Task description:
Copy each line below word for word and drop every image.

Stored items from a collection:
******

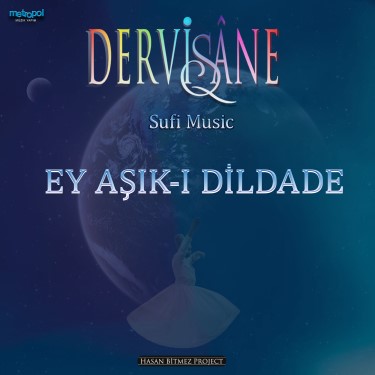 Ey Aşıkı Dildade - Hasan Bitmez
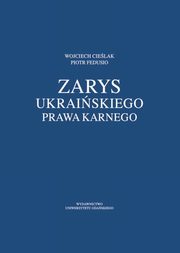 Zarys ukraiskiego prawa karnego, Wojciech Cielak, Piotr Fedusio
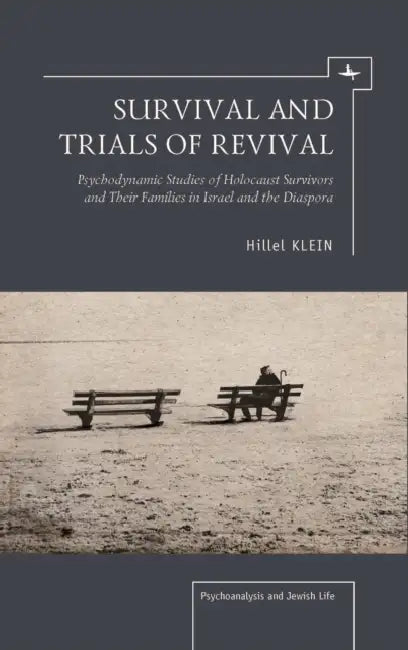 Survival and Trials of Revival: Psychodynamic Studies of Holocaust Survivors and Their Families in Israel and the Diaspora by Hillel Klein, Alex Holder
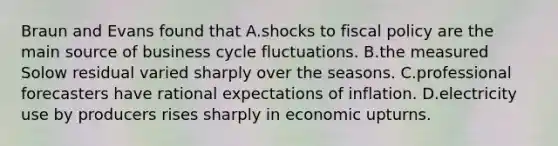 Braun and Evans found that A.shocks to <a href='https://www.questionai.com/knowledge/kPTgdbKdvz-fiscal-policy' class='anchor-knowledge'>fiscal policy</a> are the main source of business cycle fluctuations. B.the measured Solow residual varied sharply over the seasons. C.professional forecasters have rational expectations of inflation. D.electricity use by producers rises sharply in economic upturns.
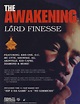 Lord Finesse - The Awakening Lyrics and Tracklist | Genius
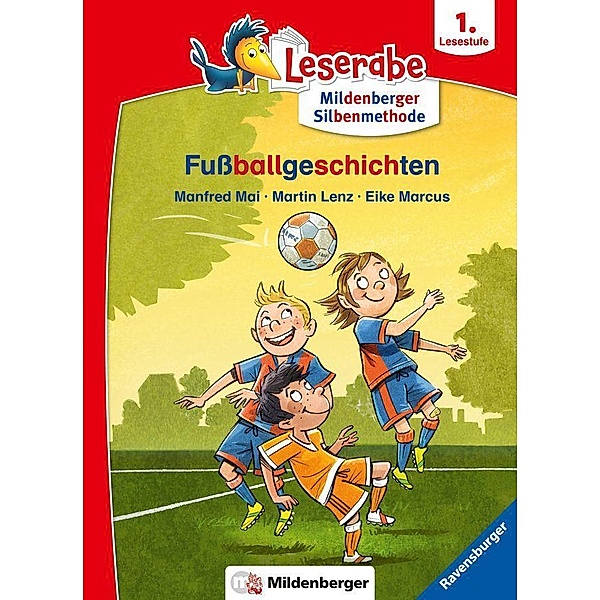 Fußballgeschichten - Leserabe ab 1. Klasse - Erstlesebuch für Kinder ab 6 Jahren (mit Mildenberger Silbenmethode), Manfred Mai, Martin Lenz
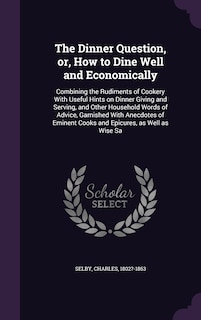 Front cover_The Dinner Question, or, How to Dine Well and Economically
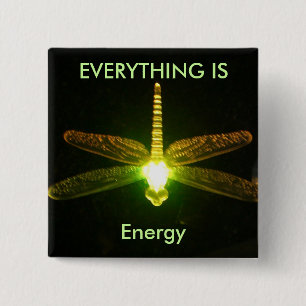 Everything is Energy 15 Cm Square Badge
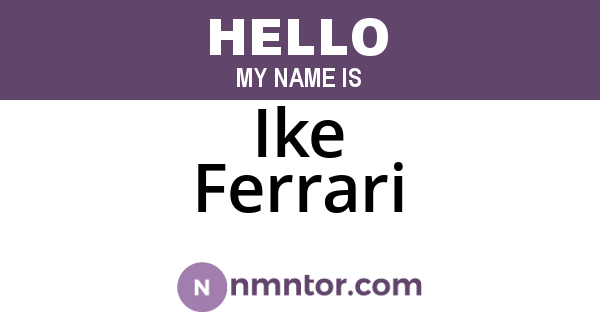 Ike Ferrari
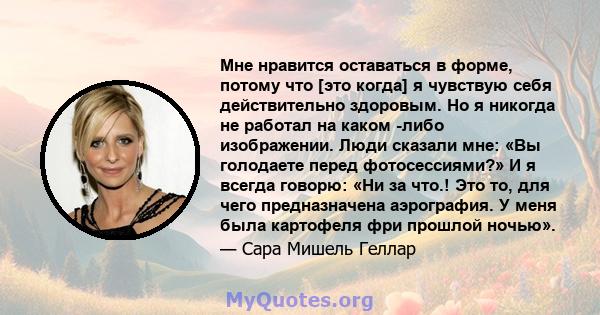 Мне нравится оставаться в форме, потому что [это когда] я чувствую себя действительно здоровым. Но я никогда не работал на каком -либо изображении. Люди сказали мне: «Вы голодаете перед фотосессиями?» И я всегда говорю: 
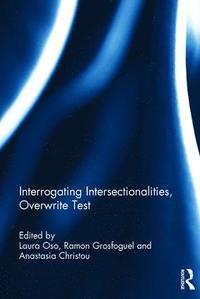 bokomslag Interrogating Intersectionalities, Gendering Mobilities, Racializing Transnationalism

******

Exercise output:
 Ey Aşıkı Dildade - Hasan Bitmez
 Zarys ukraiskiego prawa karnego, Wojciech Cielak, Piotr Fedusio
 Survival and Trials of Revival: Psychodynamic Studies of Holocaust Survivors and Their Families in Israel and the Diaspora by Hillel Klein, Alex Holder
 Braun and Evans found that A.shocks to <a href='https://www.questionai.com/knowledge/kPTgdbKdvz-fiscal-policy' class='anchor-knowledge'>fiscal policy</a> are the main source of business cycle fluctuations. B.the measured Solow residual varied sharply over the seasons. C.professional forecasters have rational expectations of inflation. D.electricity use by producers rises sharply in economic upturns.
 Lord Finesse - The Awakening Lyrics and Tracklist | Genius
 Fußballgeschichten - Leserabe ab 1. Klasse - Erstlesebuch für Kinder ab 6 Jahren (mit Mildenberger Silbenmethode), Manfred Mai, Martin Lenz
 Front cover_The Dinner Question, or, How to Dine Well and Economically
 Everything is Energy 15 Cm Square Badge
 Ike Ferrari
 Мне нравится оставаться в форме, потому что [это когда] я чувствую себя действительно здоровым. Но я никогда не работал на каком -либо изображении. Люди сказали мне: «Вы голодаете перед фотосессиями?» И я всегда говорю: 
 bokomslag Interrogating Intersectionalities, Gendering Mobilities, Racializing Transnationalism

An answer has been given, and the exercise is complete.